• _DESCRIPTION OF THE TASK_:
Leave out the pictures and copy the remaining records exactly.

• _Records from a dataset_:

::::

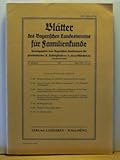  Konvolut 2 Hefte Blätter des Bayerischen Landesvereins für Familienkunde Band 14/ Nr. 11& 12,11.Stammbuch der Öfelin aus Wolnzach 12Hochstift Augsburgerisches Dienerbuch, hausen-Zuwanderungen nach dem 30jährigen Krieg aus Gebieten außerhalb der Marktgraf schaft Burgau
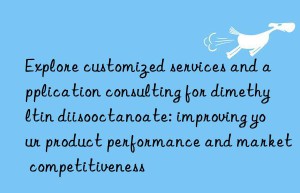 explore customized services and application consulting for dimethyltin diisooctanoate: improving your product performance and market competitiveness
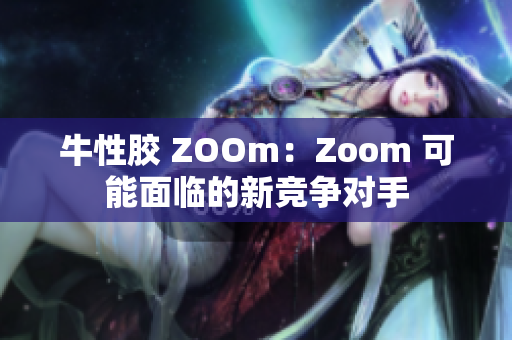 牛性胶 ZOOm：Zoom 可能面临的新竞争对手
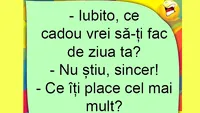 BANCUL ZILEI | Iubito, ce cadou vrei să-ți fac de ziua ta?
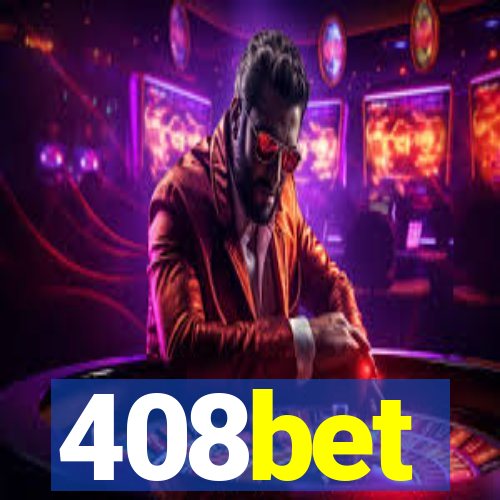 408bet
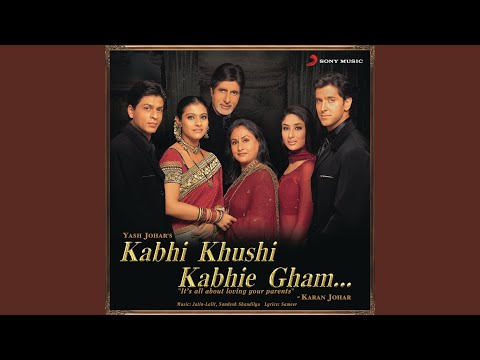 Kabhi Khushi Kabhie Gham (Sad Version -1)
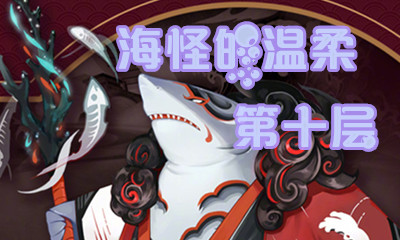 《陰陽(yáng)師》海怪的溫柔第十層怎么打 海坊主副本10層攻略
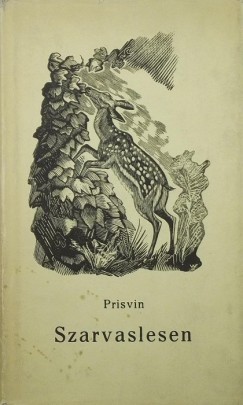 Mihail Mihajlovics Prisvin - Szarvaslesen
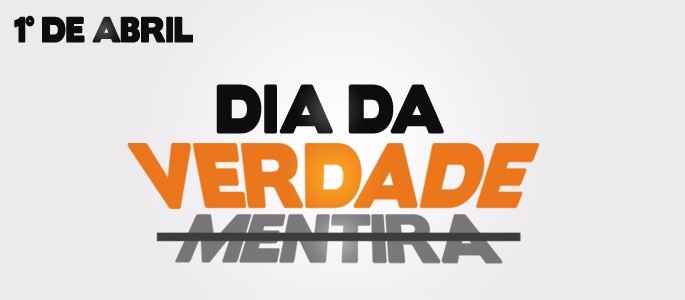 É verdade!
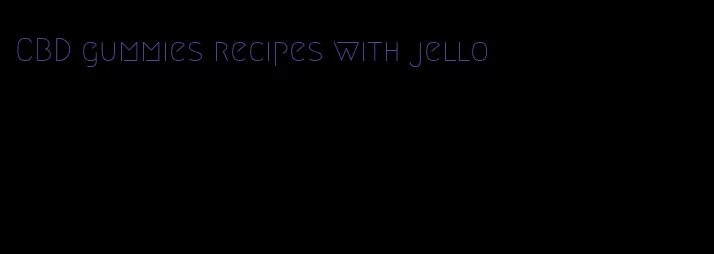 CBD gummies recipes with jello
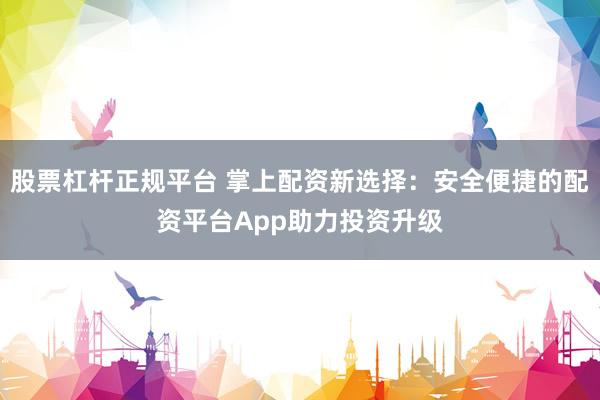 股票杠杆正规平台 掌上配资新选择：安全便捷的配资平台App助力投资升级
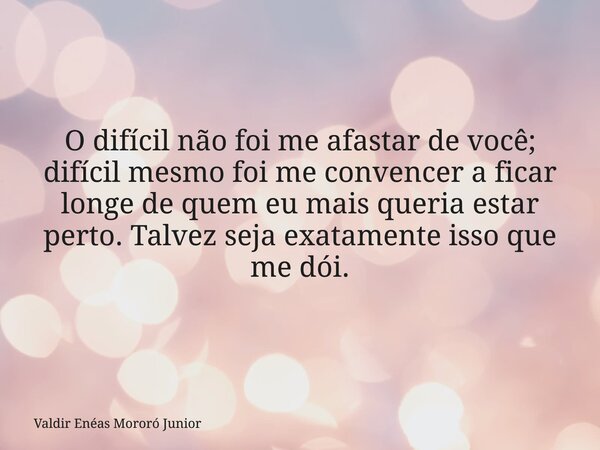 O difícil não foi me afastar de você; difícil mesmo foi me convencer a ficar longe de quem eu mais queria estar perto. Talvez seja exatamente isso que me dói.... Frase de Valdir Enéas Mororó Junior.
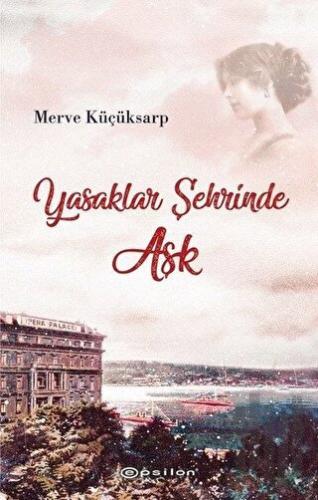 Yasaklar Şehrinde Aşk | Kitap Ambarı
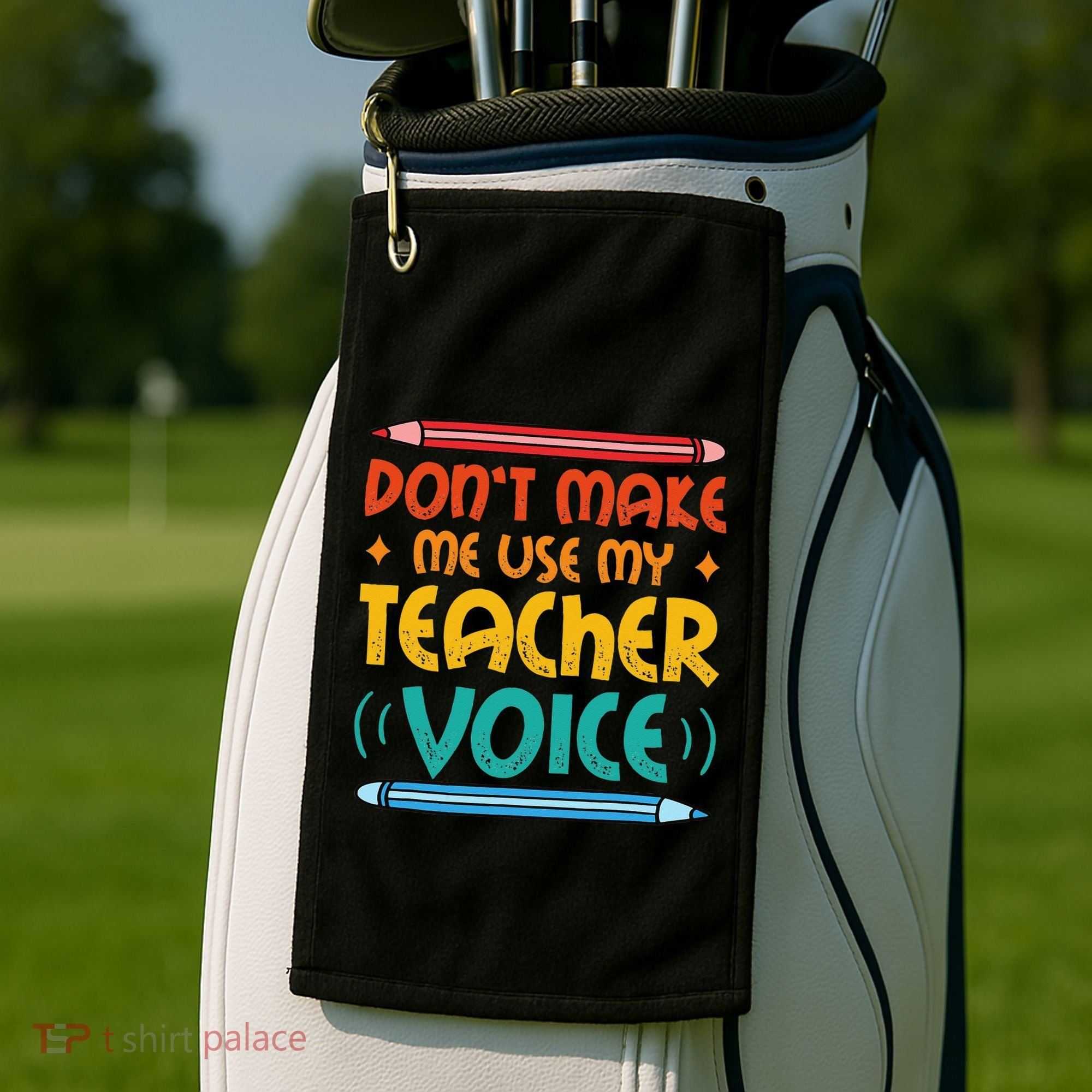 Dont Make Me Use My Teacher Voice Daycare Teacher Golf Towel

::::

• _RESULT OF THIS TASK_:
  Konvolut 2 Hefte Blätter des Bayerischen Landesvereins für Familienkunde Band 14/ Nr. 11& 12,11.Stammbuch der Öfelin aus Wolnzach 12Hochstift Augsburgerisches Dienerbuch, hausen-Zuwanderungen nach dem 30jährigen Krieg aus Gebieten außerhalb der Marktgraf schaft Burgau
 explore customized services and application consulting for dimethyltin diisooctanoate: improving your product performance and market competitiveness
 牛性胶 ZOOm：Zoom 可能面临的新竞争对手
 BANCUL ZILEI | Iubito, ce cadou vrei să-ți fac de ziua ta?
 408bet
 Kabhi Khushi Kabhie Gham (Sad Version -1)
 《陰陽(yáng)師》海怪的溫柔第十層怎么打 海坊主副本10層攻略
 Mihail Mihajlovics Prisvin - Szarvaslesen
 É verdade!
 CBD gummies recipes with jello
 股票杠杆正规平台 掌上配资新选择：安全便捷的配资平台App助力投资升级
 O difícil não foi me afastar de você; difícil mesmo foi me convencer a ficar longe de quem eu mais queria estar perto. Talvez seja exatamente isso que me dói.... Frase de Valdir Enéas Mororó Junior.
 Yasaklar Şehrinde Aşk | Kitap Ambarı
 Dont Make Me Use My Teacher Voice Daycare Teacher Golf Towel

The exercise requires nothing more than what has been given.